On Friday night, the Royals did something that they had never done before.
So did Wade Davis.
In a season full of new experiences for an entire generation of Royals fans (and players), new things shouldn’t surprise anyone anymore.
James Shields (13-7) dominated the New York Yankees, leading Kansas City to its first-ever 1-0 victory at Yankee Stadium (new or old). He only had one run of support, and it didn’t matter. Breezing through 8 1/3 innings, he allowed only two Yankees to reach base until Derek Jeter blooped a one-out single in the ninth. Shields had only thrown 97 pitches at that point, leaving fans to wonder what Ned Yost would do.
Yost, who has been burned numerous times for leaving starting pitchers in too long, quickly went to the bullpen. He summoned Wade Davis – not Greg Holland – to record the final two outs of the game. Jeter’s pinch runner swiped second base. Davis didn’t flinch. He blew away Brett Gardner with a 98mph fastball for the second out, and then painted the outside corner perfectly to strike Carlos Beltran out looking to end the game.
It was his first career save. After the game, Davis said that he was summoned because Holland simply needed another day off.
Friday night was more than an impressive pitching performance. The Royals offense continued to struggle, plating just one run (which was unearned) against an on-target Michael Pineda. There was no room for error, and Shields rose to the challenge, blowing through the Yankees in arguably his guttiest outing as a Royal. He struck out six and walked none in his 8 1/3 dazzling frames.
Back in July, some fans wanted Shields traded. Others wanted him shut down, claiming he was injured. He was in the middle of one of the worst stretches of his career, and his team was rapidly falling out of contention.
In his last 12 starts, Shields has posted a 2.26 ERA over 83.2 innings. He has struck out 64 batters and walked just 12. As for the Royals, they’re 32-19 in that span, which began when their ace shut down his former team at Tropicana Field.
Interestingly, Friday was only the second time that he did not eclipse the 100-pitch mark since June 3. In 30 starts this year, Shields has thrown at least 100 pitches in all but five occasions. He also surpassed the 200 innings mark on the season for the eighth consecutive year.

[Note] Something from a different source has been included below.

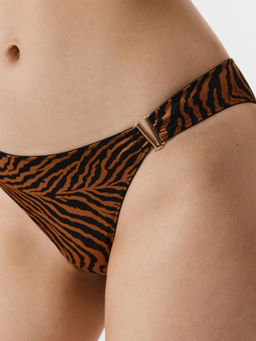 Infinity / Трусы жен Liri черный принт - Infinity Lingerie фото 2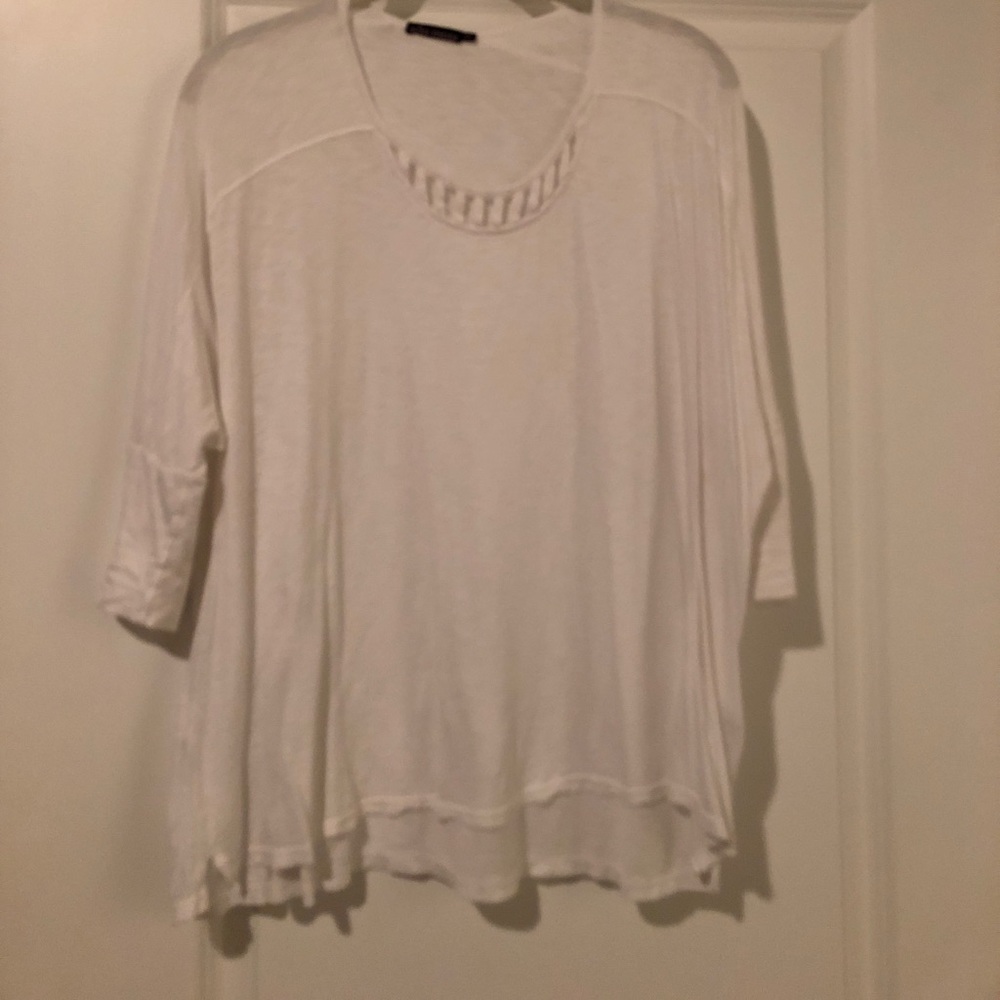 White tee with detailing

The Royals, like the Yankees, were only able to manufacture three hits. Alcides Escobar reached on what was ruled an error in the third inning; the shortstop battled through an 11-pitch at bat, and finally chopped a sharp grounder to third base that went by Chase Headley. Escobar hustled to second base after Brett Gardner was late getting to the ball, and he would score on Nori Aoki’s single back up the middle. After that, Kansas City would put just one runner on the bases the rest of the way.
Pineda (3-4), who beat the Royals and Shields just two weeks ago, did his best to match his counterpart. He yielded the three hits, struck out four, and did not walk anyone over seven frames. Dellin Betances and David Robertson retired the six hitters they faced in the eighth and ninth innings.
When the final pitch was thrown at Yankee Stadium, the Detroit Tigers were trailing 6-0 to San Francisco. After three innings, severe thunderstorms prompted a lengthily rain delay, which was still going on after more than two hours. At the moment, Kansas City’s lead in the AL Central is 1.5 games, and their magic number is down to 22.
At 78-61, the Royals are a season-high 17 games over .500. After winning the first four games on its September calendar, Kansas City is now 30-11 since July 22.
Up next: Kansas City goes for the series tomorrow when Danny Duffy (8-11, 2.42 ERA) opposes Brandon McCarthy (8-14, 4.19). While it may appear as an on-paper pitching mismatch, it is worth nothing that McCarthy has posted an ERA of 2.80 since being traded to the Yankees in July.
The Royals have 23 games left. After Friday night’s nailbiter, Royals fans are left to wonder how tense playoff games must be. Hopefully, in four weeks, they’ll all know. And hopefully it’ll be pretty darn sweet.